Developers that work on front-ends have it easy . When it comes to doing a sprint demo or showcasing your work you’ve got something glitzy to talk about. In contrast writing a service API is remarkably dull by comparison.
At the bottom end of the spectrum you have got good old reliable CURL, if you want a command-line feel to your demo. Just above this, but also still fairly dry by comparison with a proper UI, is using a GUI based HTTP tool such as the Postman or Advanced REST Client extensions for Chrome. Either way it’s still pretty raw. Even using tools like Swagger still put you in the mind-set of the API developer rather than the consumer.
If you’re writing a RESTful API then it’s not much effort to write a simple front-end that can invoke your API. But there’s more to it than just demoing which “feature” of an API you delivered, it has other value too.
One of the hardest things I’ve certainly found working on service APIs is how you elevate yourself from being the implementer to being the consumer. Often the service I’m working on is one piece of a bigger puzzle and the front-end either doesn’t exist (yet) or is being developed by another team elsewhere so collaboration is sparse.
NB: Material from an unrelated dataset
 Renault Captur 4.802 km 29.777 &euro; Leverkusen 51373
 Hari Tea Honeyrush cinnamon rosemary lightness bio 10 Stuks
When you begin creating an API you often start by fleshing out a few basic resource types and then begin working out how the various “methods” work together. To do this you need to start thinking about how the consumer of the API is likely to interact with it. And to do that you need to know what that higher level use cases are (i.e. the bigger picture).
This process also leads directly into the prioritisation of what order the API should be built. For instance it’s often assumed the Minimum Viable Product (MVP) is “the entire API” and therefore order doesn’t matter, but it matters a lot as you’ll want to build stuff your consumers can plug-in as soon as it’s ready (even just for development purposes). Other details may not be fleshed out and so you probably want to avoid doing any part of it which is “woolly”, unless it’s been prioritised specifically to help drive out the real requirements or reduce technical risk.
A simple UI helps to elevate the discussion so that you don’t get bogged down in the protocol but start thinking about what the goals are that the customer wants to achieve. Once you have enough of a journey you can start to actually play out scenarios using your rough-and-ready UI tool instead of just using a whiteboard or plugging in CURL commands at the prompt. This adds something really tangible to the conversation as you begin to empathise with the client, rather than being stuck as a developer.
This idea of consuming of your own product to help you understand the customers point of view is known as “eating your own dog food”, or more simply “dog-fooding”. This is much easier when you’re developing an actual front-end product rather than a service API, but the demo UI certainly helps you get closer to them.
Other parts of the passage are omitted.